Procter & Gamble's two-year restructuring includes a heavy dose of digital transformation, artificial intelligence and supply chain automation and optimization.

The headlines from Procter & Gamble's appearance at the Deutsche Bank Global Consumer Conference revolved around the company's move to cut 7,000 jobs. However, P&G Chief Financial Officer Andre Schulten and Chief Operating Officer Shailesh Jejurikar outlined the bigger picture.

P&G is navigating an uncertain economy, shifting tastes, inflation and tariffs. P&G's approach is to use productivity to fund growth initiatives over the years. Its next phase is focused on developing its systems and digital capabilities to support automation, data strategy, insights and analytics, said Schulten.

"We believe we now have the opportunity to step forward to enable the tremendous growth opportunities we have with an even more focused and efficient portfolio, supply network, and organization," said Schulten. "In fiscal 2026, we will begin a 2-year noncore restructuring program. This program includes 3 interdependent elements: portfolio choices, supply chain restructuring and organizational design changes."

P&G plans to shed brands in various categories and categories will be outlined more in July when the company reports its fiscal year end results.

Here's a look at the high level transformation moves from P&G:

  • The company will right size its supply chain, optimize by locating production to drive efficiencies, speed up innovation and cut costs.
  • P&G will make roles broader and shrink teams as the company leverages automation and digitization.
  • P&G will cut up to 7,000 non-manufacturing roles, or 15% of its non-manufacturing workforce. Those job cuts are incremental to what P&G has outlined for its Supply Chain 3.0 savings.

"This restructuring program is an important step toward ensuring our ability to deliver our long-term algorithm over the coming 2 to 3 years.
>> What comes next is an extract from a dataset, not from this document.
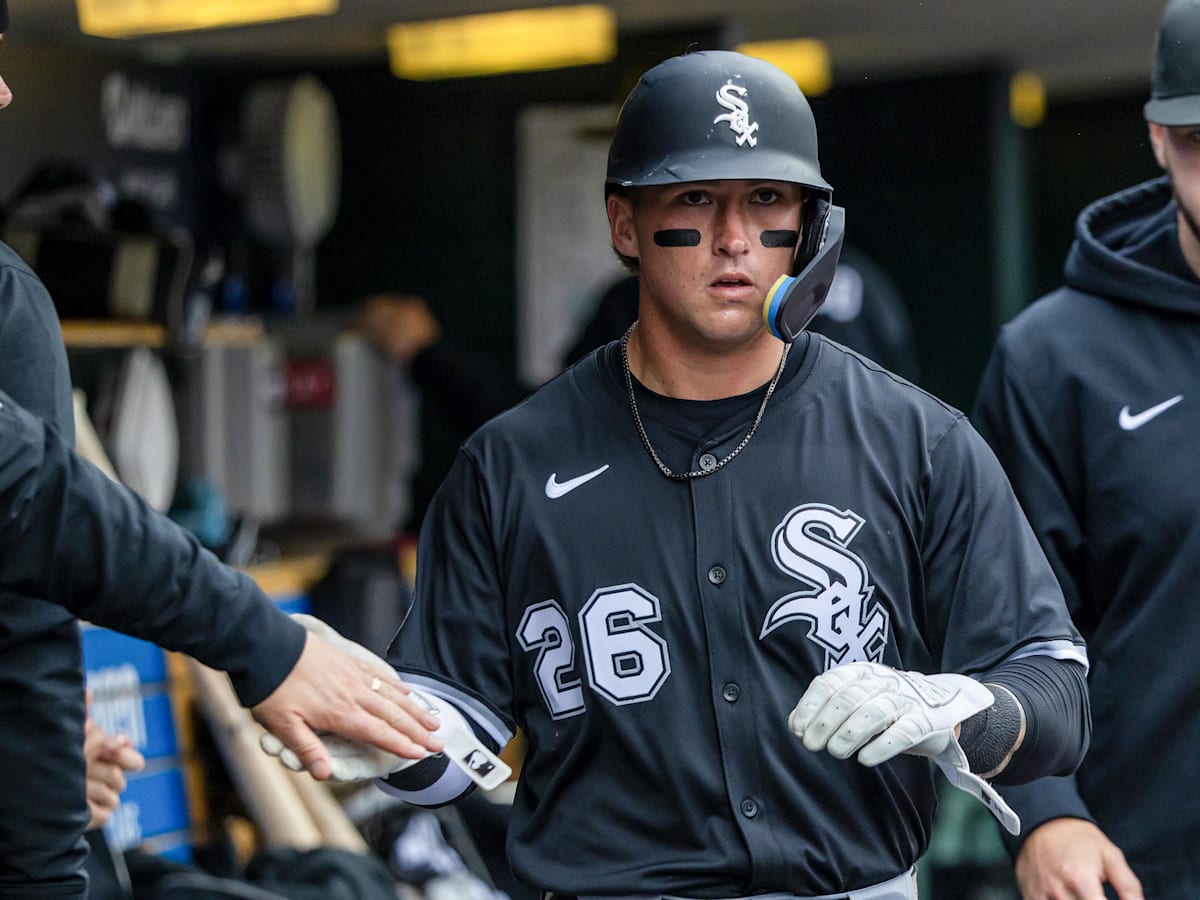 Chicago White Sox To Carry Three Catchers After Promoting Korey Lee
It does not, however, remove the near-term challenges that we currently face," said Schulten. "All the more reason to double down now on the integrated growth strategy that has enabled strong results over the past 6-plus years, executing our strategy and accelerating this opportunity, especially under pressure is our path forward."

According to Schulten, future success for P&G requires innovation for product, packaging, brand communication and marketing and retail execution. Schulten said all of those variables have to work together to deliver value. No one thing can carry the team. He explained:

"Superior performing products and superior packages provide noticeably better benefits to consumers. They become aware of and learn about these products through superior brand communication. This comes to life in stores and online with superior retail execution and deliver superior consumer value at a price that is considered worth it across each price tier in which we choose to compete."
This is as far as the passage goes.